What you are asked to do :: Skipping any pictures, repeat exactly and only the lines from the one that holds "Alcaline le Mag" to the last line of the material, both included.

Data shown ::

↓↓↓

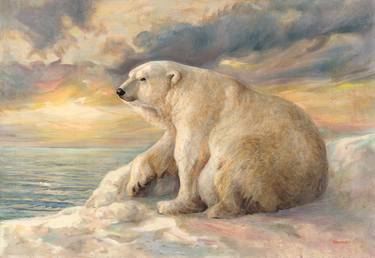 Polar Bear Rests On The Ice - Arctic Alaska thumb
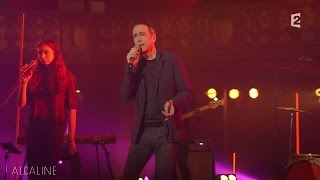 Alcaline le Mag  Alain Chamfort  La Fièvre dans le Sang en live [upl. by Hayyikaz]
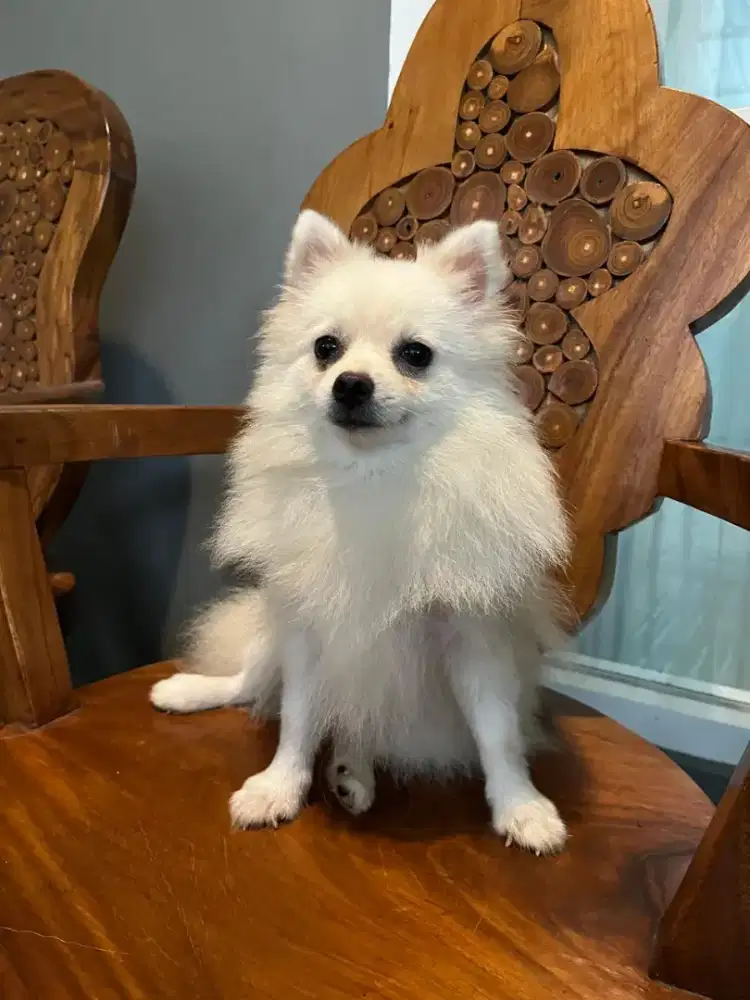 Minipom German Spitz Pomerania (Stambum)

↑↑↑

Problem solution ::
 Alcaline le Mag  Alain Chamfort  La Fièvre dans le Sang en live [upl. by Hayyikaz]
 Minipom German Spitz Pomerania (Stambum)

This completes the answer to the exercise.